Open VedantR3907 opened 1 month ago
@VedantR3907, the issue is due to the way litellm validates if a given model has vision capability or not. So litellm maintains a list of models with their properties and capabilities in a static json and the llama 3.2 models (including the vision models) are not added in it. https://github.com/BerriAI/litellm/blob/fb523b79e9fdd7ce2d3a33f6c57a3679c7249e35/litellm/utils.py#L4974 https://github.com/BerriAI/litellm/blob/main/model_prices_and_context_window.json
For now you try to uninstall zerox and install from this fork (#40):
pip install git+https://github.com/pradhyumna85/zerox.git@formatting-control
and pass validate_vision_capability=False
in the zerox function and see if that solves.

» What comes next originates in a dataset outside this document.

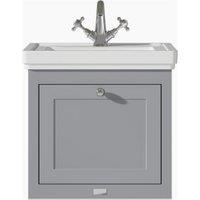 Bayswater Hartleigh Plummett Grey Traditional Wall HUng Vanity Unit & 1 Tap Hole White Recessed Basin - 500mm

I tried to pass the parameter, We don't have the parameter passed to the Zerox function:
So, There was the same problem with llava models in ollama, So I tried a workaround to see if it works and it foes for ollama llava model as below: pyzerox\models\modellitellm.py
But the same I tried with groq, Which gave me a error from groq i guess:
@VedantR3907, there was some issue as all the kwargs were passed to litellm, fixed that, remove and reinstall pyzerox using the same pip command shared eariler, however this time there is a new error: it seems like groq's llama 3.2 vision models don't support system message with messages with images.
Looks like litellm hasn't added support for vision models from groq.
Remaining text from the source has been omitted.